Overview
High-fidelity simulation and large-scale optimization have become central to modern digital engineering workflows. Advances in GPU computing, distributed HPC, and cloud infrastructure have significantly increased computational capacity.
However, in simulation-driven optimization pipelines—particularly in CFD, optimization, and system-level design—performance gains are no longer proportional to increases in compute resources.
To examine this gap, BQP spoke with:
- Dr. Sai, Optimization Scientist (Lead), BosonQ Psi
- Dr. Ferdin, HPC Systems Lead, BosonQ Psi
Evolution of Digital Engineering & Simulation-Driven Workflows
Q: How have digital engineering workflows evolved from a computational perspective?
Dr. Sai:

- Shift from single runs to iterative optimization loops
- Simulation now embedded inside optimization
- Total cost driven by repeated evaluations
If you look at how digital engineering workflows have evolved, the biggest shift is that we’re no longer running simulations as isolated tasks. Today, simulation is embedded directly inside optimization loops.
So instead of solving a model once, teams are solving it repeatedly—sometimes thousands of times—each with different parameters. That creates a nested structure where the outer loop explores design variations, and the inner loop runs the actual physics.

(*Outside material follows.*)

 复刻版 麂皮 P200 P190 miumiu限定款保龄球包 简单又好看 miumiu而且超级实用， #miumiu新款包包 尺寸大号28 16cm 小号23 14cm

At that point, performance is no longer just about how fast a single simulation runs. It becomes about how efficiently the optimizer navigates the design space and how many evaluations are required to converge.
Q: What role does HPC play in this structure?
Dr. Ferdin:
- Simulation layer is already highly optimized
- HPC scales well for single design evaluations
- Optimization layer introduces scaling complexity
For roughly three decades, efforts have been directed at accelerating simulations, which has led to highly performant code that leverage domain-decomposition strategies and MPI to scale across multi-core CPUs and multi-node clusters. As a result, we can obtain high-fidelity solutions to PDEs, Multiphysics models, and CFD solvers for a given design point within a reasonable timeframe.

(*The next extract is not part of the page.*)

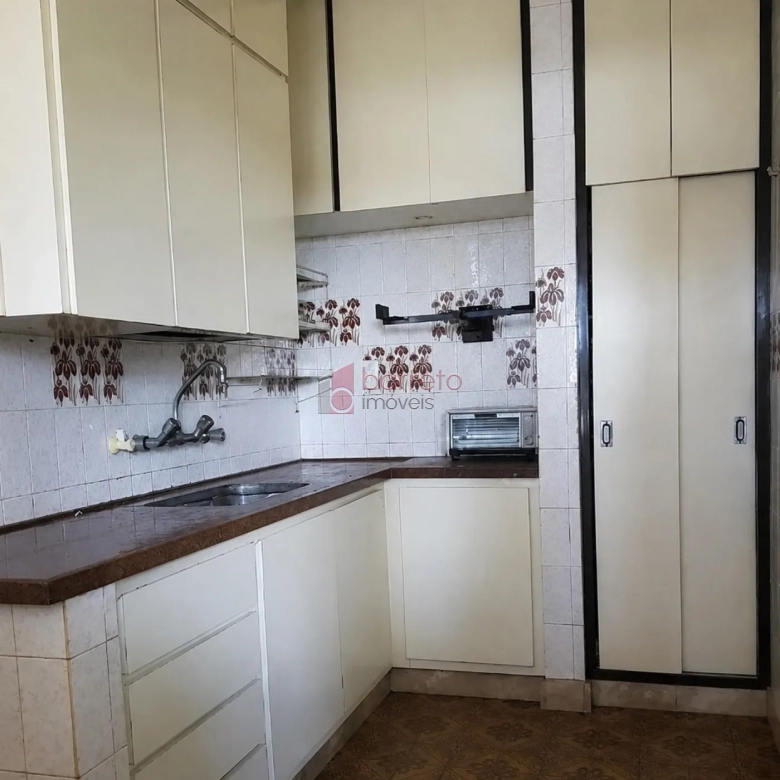 CASA COM EDÍCULA PARA LOCAÇÃO NO ANHANGABAÚ – JUNDIAÍ/SP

However, this acceleration does not translate well to the optimization-simulation workflow described by Dr. Sai.
The outer loop or optimizer demands many design points, and that is where HPC architecture plays a crucial role. With the right strategy, the optimization layer highly amenable to parallelism. For instance, consider the island model, where multiple instances of the same optimization problem are simultaneously run on sub-clusters. Each sub-cluster explores the design space independently and can inspire their sister sub-clusters through periodic exchange of their best solution; a strategy known as migration in the island-model parlance.

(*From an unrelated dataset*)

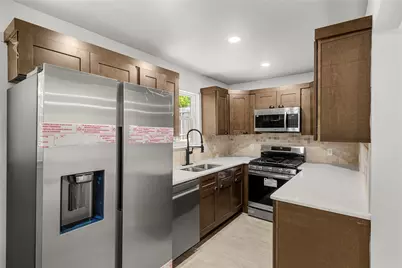 1716 Rockbridge Terrace, Austin, TX 78741 - Photo 3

Challenges in Scaling HPC for Optimization Workloads
Q: Why do HPC systems struggle with large-scale optimization problems?
Dr. Ferdin:

- Optimization is stochastic and sequentially dependent
- Load balancing becomes inefficient at scale
- Redundant evaluations reduce effective output
Assuming that the simulation layer is utilizing the most advanced, performant solver available, the critical pain point is the orchestration and scheduling. Optimization is an ordered stochastic process, which means what is simulated in the present iteration is largely motivated by its preceding iteration. So, convergence characteristics, and consequently, computational times can vary between iterations. This makes any forecasting of the total optimization time difficult.
In evolutionary algorithms, where many candidate solutions are evaluated simultaneously across cores, load balancing becomes a pyrrhic task. If the load balancer is inefficient, it is going to result in wasted machine time, whereas if it is made efficient, the load balancer itself will consume computational resource.
Another challenge in large-scale optimization problems is the sheer number of design points that need to be evaluated. The issue is not so much in the compute load, but rather that most of these design points may not contribute meaningfully towards directing the optimization process. In island-models this can be reduced by fostering communication and information sharing between sub-clusters, but this comes at the price of synchronization and communication overheads.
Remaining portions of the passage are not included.